China’s GPU cloud market is consolidating rapidly around a small number of domestic champions, with Baidu and Huawei emerging as the clear leaders, as access to Nvidia’s most advanced accelerators remains restricted.
A recent Frost & Sullivan report places Baidu and Huawei together at more than 70% of China’s "GPU cloud" market — defined specifically as cloud services built on domestically designed AI chips rather than imported GPUs — reflecting a deliberate shift by Chinese Internet and telecom giants to vertically integrate AI hardware, software frameworks, and cloud services, while a parallel wave of AI chip start-ups races to public markets to fund the next stage of domestic silicon development.
This is all unfolding against the backdrop of U.S. export controls that continue to limit China’s access to leading-edge Nvidia and AMD accelerators. Since late 2022, Chinese firms have been forced to plan AI infrastructure growth around constrained supplies of downgraded GPUs or around entirely domestic alternatives. This has led to a GPU cloud market that looks increasingly different from its Western counterparts, with architectural choices and performance trade-offs shaped as much by geopolitics as the engineering itself.
Vertical integration replaces scaling
(Image credit: Huawei)
Baidu and Huawei’s dominance rests on a shared strategy of full-stack control. Rather than acting as neutral cloud providers that source GPUs from global vendors, both companies design their own AI accelerators, optimize their own software frameworks, and deploy those components at scale inside proprietary data centers.
Baidu’s AI cloud is built around its Kunlun accelerator line, now in its third generation. In April 2025, Baidu disclosed that it had brought online a 30,000-chip training cluster powered entirely by Kunlun processors. According to the company, that cluster is capable of training foundation models with hundreds of billions of parameters and simultaneously supporting large numbers of enterprise fine-tuning workloads. By tightly coupling Kunlun hardware with Baidu’s PaddlePaddle framework and its internal scheduling software, Baidu is compensating for the absence of Nvidia’s CUDA ecosystem with vertical optimization.
Huawei has taken a similar but more industrial-scale approach. Its Ascend accelerator family now underpins a growing share of AI compute deployed by state-owned enterprises and government-backed cloud projects. Huawei’s latest large-scale configuration, based on Ascend 910-series chips, emphasizes dense clustering and high-speed interconnects to offset weaker per-chip performance and lower memory bandwidth compared to Nvidia’s H100-class GPUs. Huawei has been explicit about this trade-off internally, framing cluster-level scaling as the primary path forward while advanced process nodes and EUV lithography remain out of reach.

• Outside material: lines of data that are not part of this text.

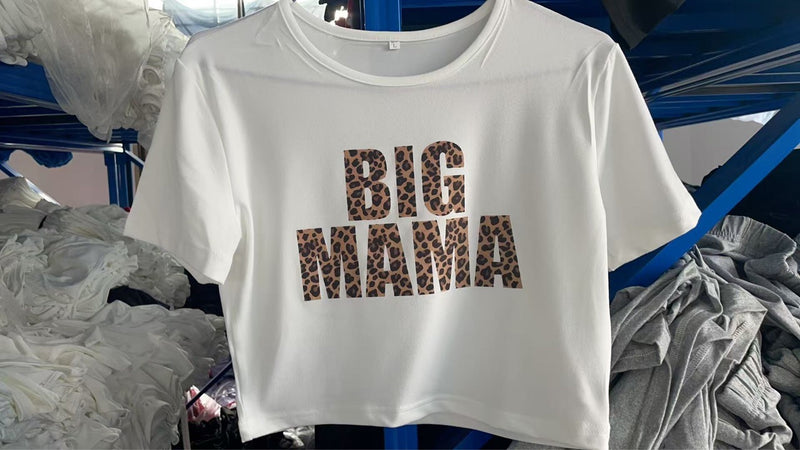 Letter Print Short Sleeve T Shirts GXJL 10659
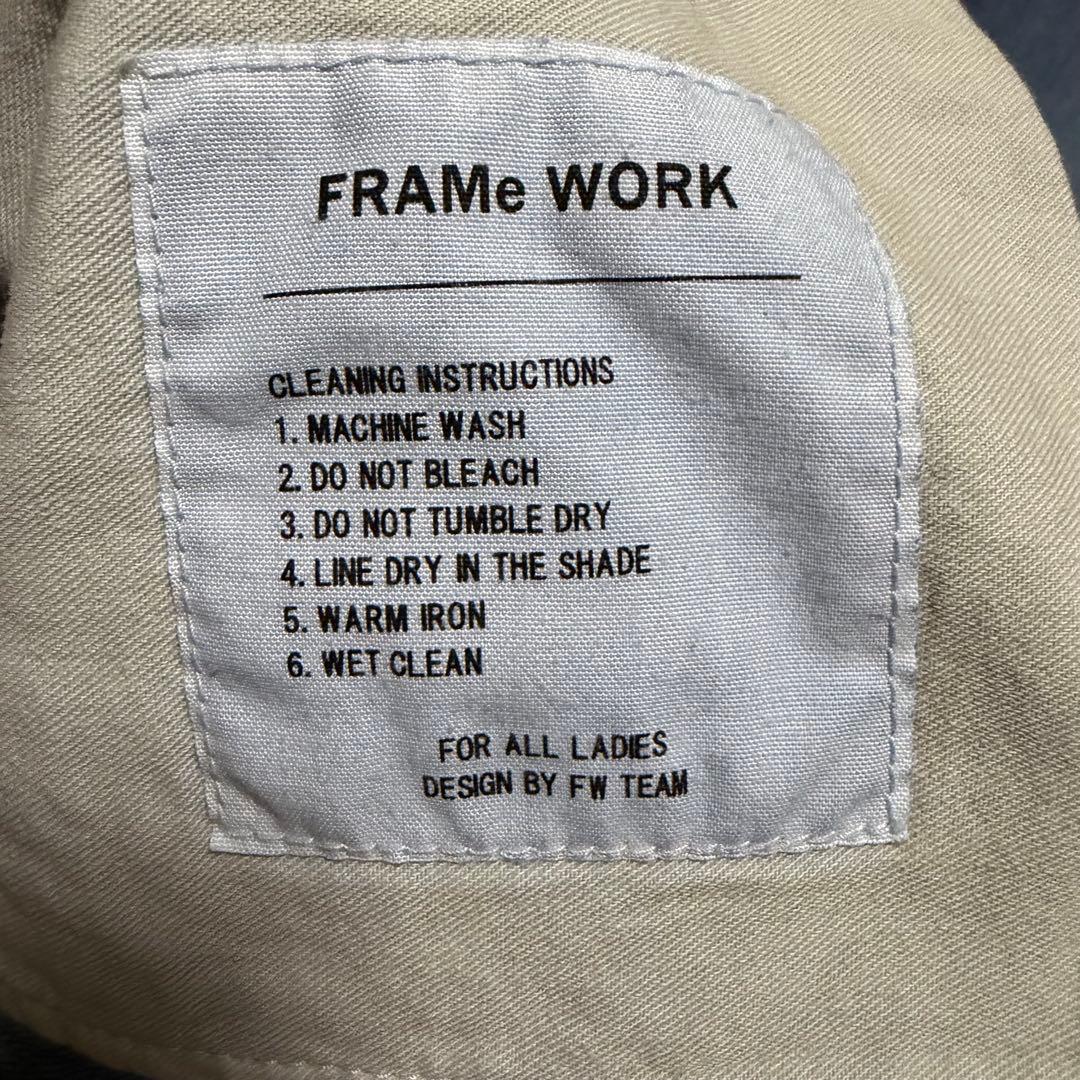 【試着のみ】FRAMeWORK フロントアシメデニムパンツ 20,900円 38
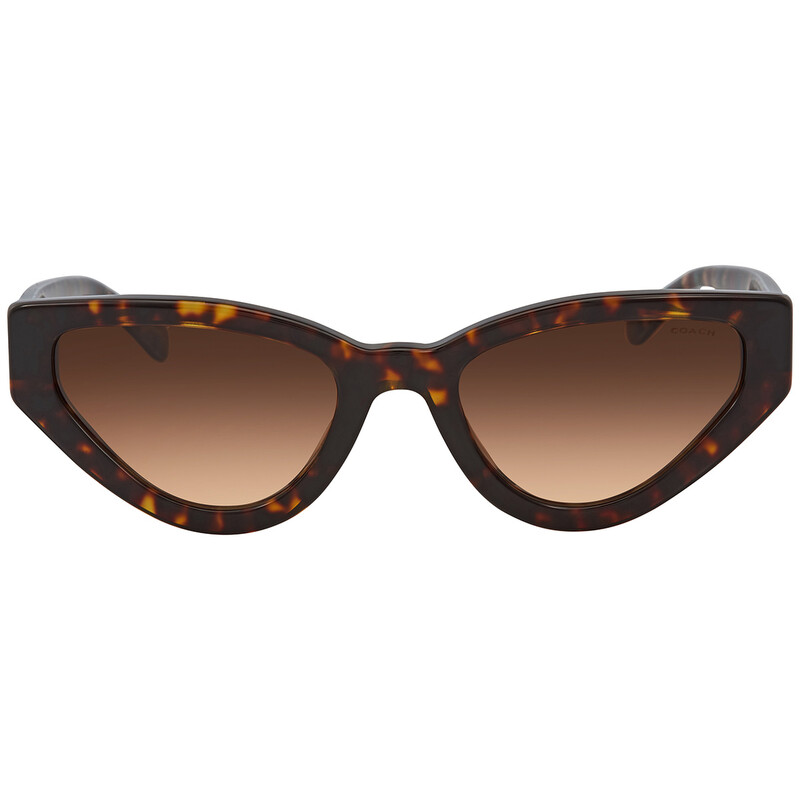 Coach Brown Gradient Cat-Eye Sunglasses Coach HC8132 L Woman Acetate Sun Brown Gradient : Target main image 4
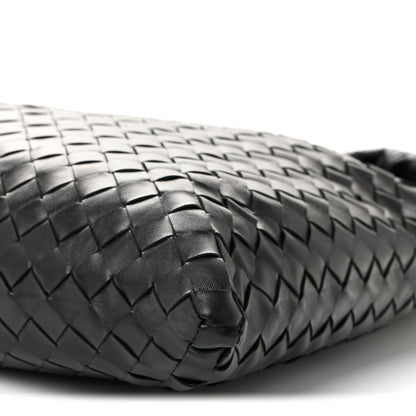 Bottega Veneta Calfskin Intrecciato Large Hop Black 10 of 10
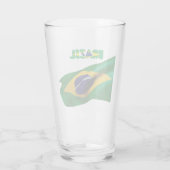 Braziliaanse vlag        glas (Achterkant)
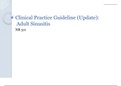 NR 511 Week 7 Clinical Practice Guideline Presentations; Adult Sinusitis, Allergic Rhinitis, Cholesterol-Hyperlipidemia & Dyslipidemia-Download to SCORE A: Chamberlain College of Nursing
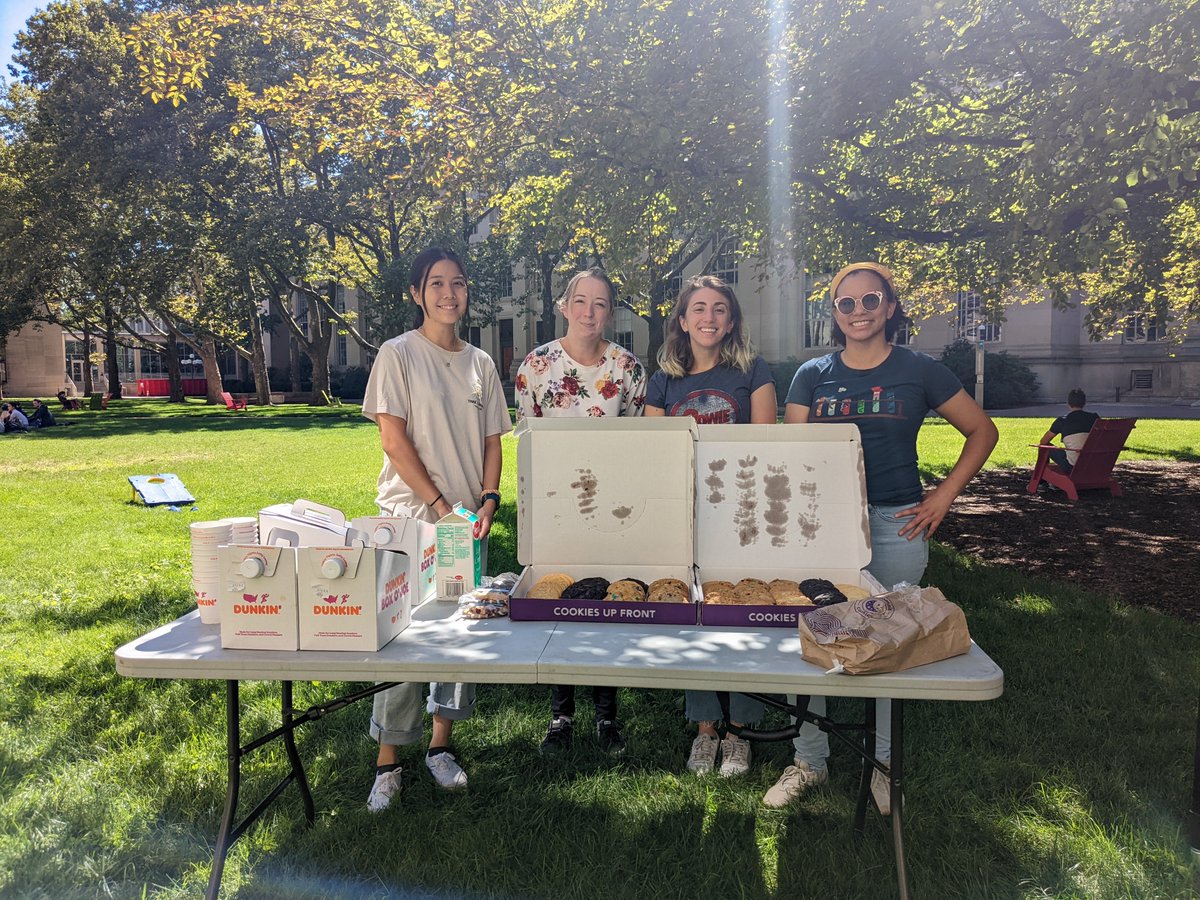 The WIC+ exec board was super excited to welcome the new chemistry first years yesterday at our cookies, coffee, and cornhole study break! We enjoyed meeting the new first years and were excited to hear about how their first week of grad school has went!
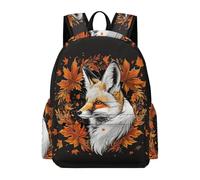 TPISLI Mochila Escolar para Niñas de Primaria, Mochilas Colegio Fox Print Ligera Y Linda Niños de 8 A 12 Años, Mochila Casual con Animal Design para Chica, Ideal Escuela O Viajes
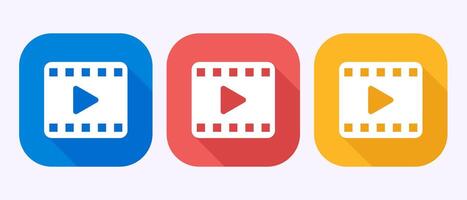 icon illustration. camera icon, camera sign symbol in shadow button design vector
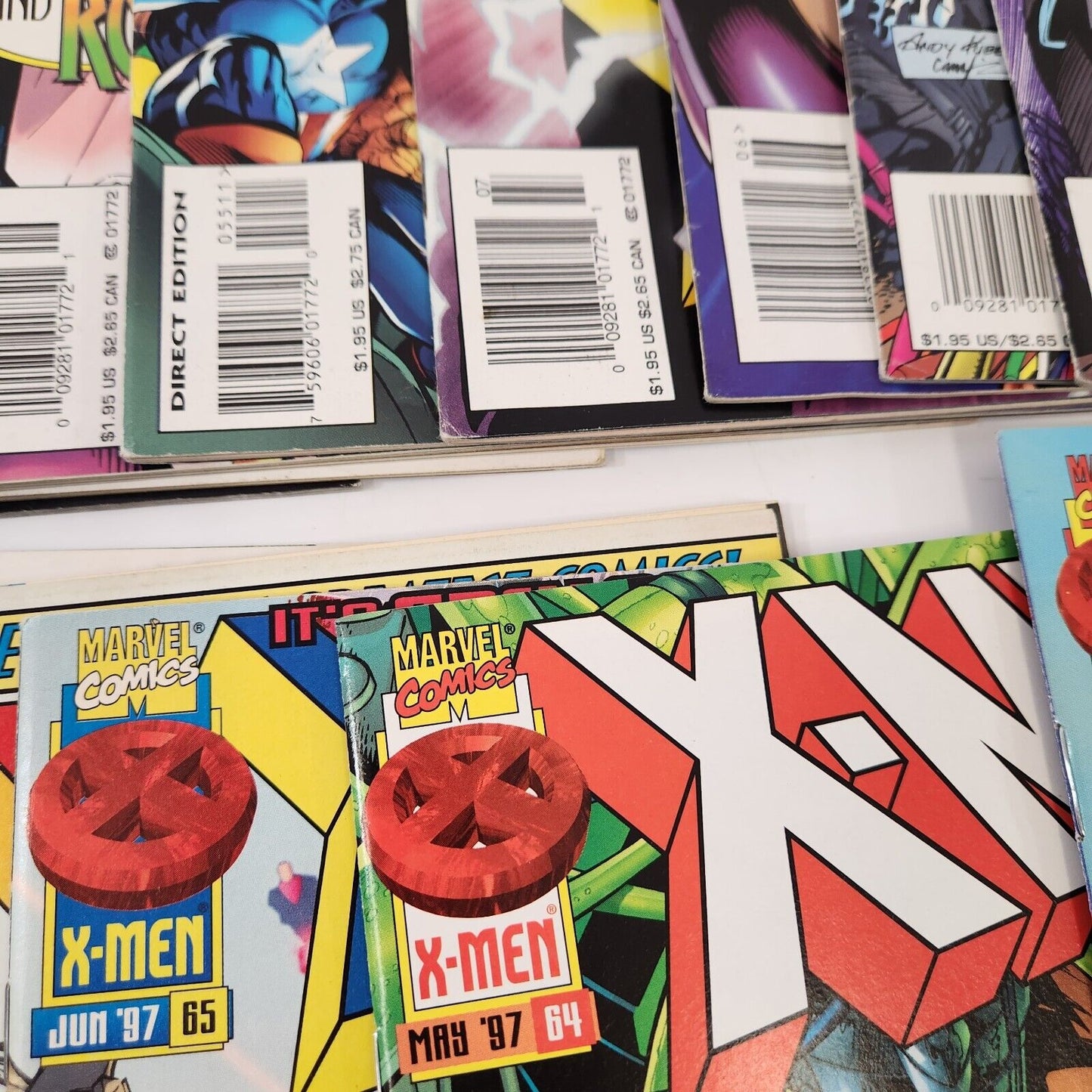 X-Men #45 47-49 51-65 70 71 Marvel Comic Book Lot of 21 VF- 7.5 Avengers App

Both companies are also pursuing heterogeneous cluster designs. Chinese cloud providers have increasingly experimented with mixing different generations and vendors of accelerators within a single training or inference pool. This approach reduces dependence on any single chip supply source but raises software complexity, requiring custom orchestration layers to manage uneven performance characteristics. Baidu and Huawei are among the few firms in China with the engineering resources to make such systems viable at production scale, which further entrenches their market position.